- Opening Delimiter -

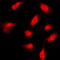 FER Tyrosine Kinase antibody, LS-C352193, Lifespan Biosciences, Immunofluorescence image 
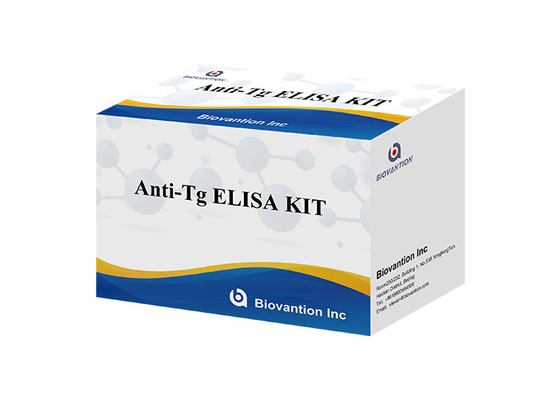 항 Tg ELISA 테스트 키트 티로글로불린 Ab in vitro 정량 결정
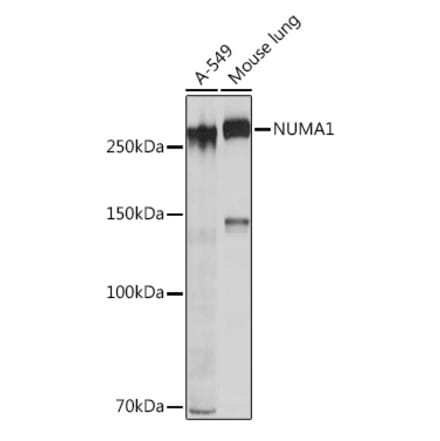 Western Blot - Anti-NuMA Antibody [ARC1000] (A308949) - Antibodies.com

- Closing Delimiter -
- Opening Delimiter -

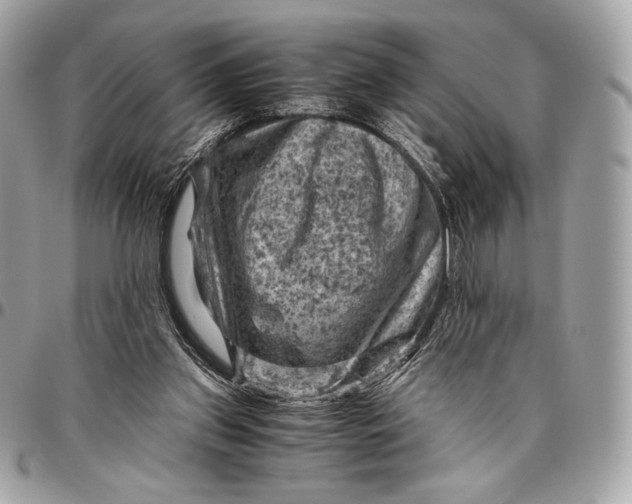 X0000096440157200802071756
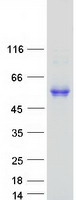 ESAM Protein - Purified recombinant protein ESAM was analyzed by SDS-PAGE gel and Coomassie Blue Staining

- Closing Delimiter -

**Problem requirements:** Would you set down only the lines above from the line with "항 Tg ELISA 테스트 키트 티로글로불린 Ab in vitro 정량 결정" to the line with "Western Blot - Anti-NuMA", both included, exactly as they stand and without the pictures?

**Result for this task:**
 항 Tg ELISA 테스트 키트 티로글로불린 Ab in vitro 정량 결정
 Western Blot - Anti-NuMA Antibody [ARC1000] (A308949) - Antibodies.com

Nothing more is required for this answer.